O mesmo cuidado dos shows, eles dizem que procuram dar nas gravações. Fazer um preço acessível, com produção de qualidade e tratamento personalizado, buscando ter sensibilidade para o que a banda busca. “Tentamos achar um lugar comum, que não seja caro, não seja de graça, e não precise ter um taxímetro contando e cobrando cada minuto que passa no estúdio”, manifesta Gil
Ambos produtores enxergam um momento interessante no cenário local, nacional e mundial. “Nos últimos cinco anos no Brasil nunca apareceu tanto artista incrível um atrás do outro, sem parar. No Espírito Santo é o mesmo, em seus respectivos nichos, temos artistas em quase todos festivais do Brasil.
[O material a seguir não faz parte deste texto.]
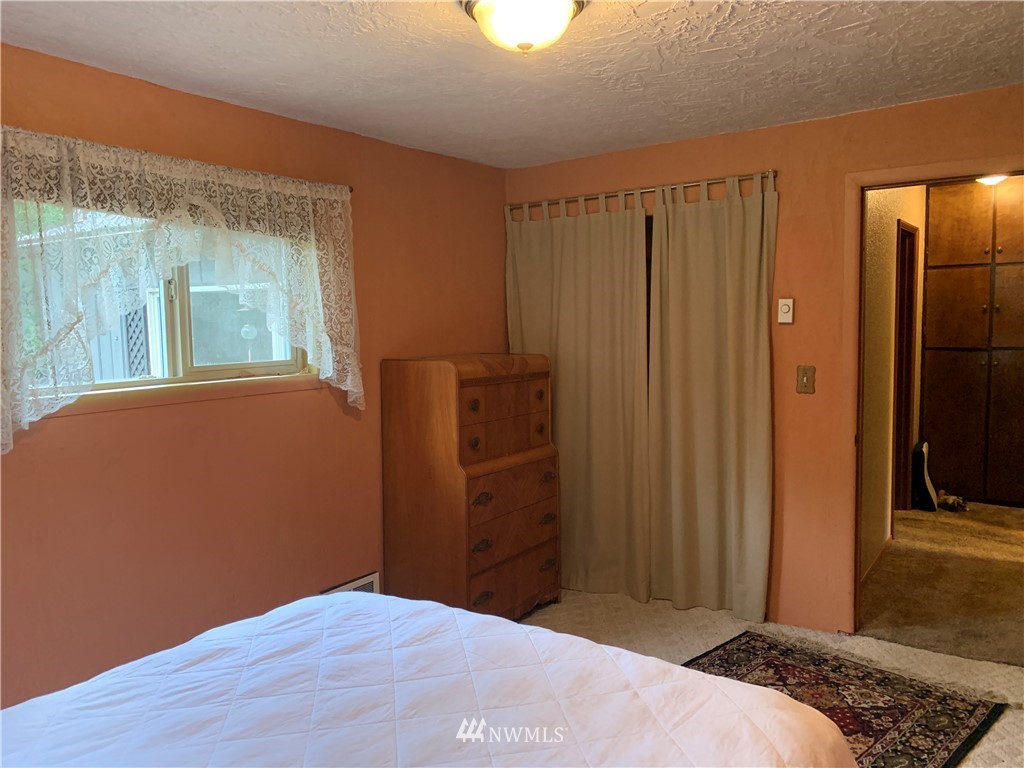 106 Pattee Road Chehalis, WA 98532 - Photo 18 of 33 a bedroom with a bed and a window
Mas às vezes é mais fácil o artista sair daqui pra tocar em outro estado e fazer três shows seguidos do que conseguir fazer três shows em Vitória”, observa Gil, que considera que a capital e o Estado poderiam ter muito mais espaços abertos ao som autoral.
Heitor percebe que há uma boa sinergia entre os artistas da cena independente capixaba atual. “Todo mundo está envolvido, se enxerga de forma integral, não tem uma competição, todos se admiram. O modo comportamental dos músicos e de quem está envolvido com música mudou muito também”.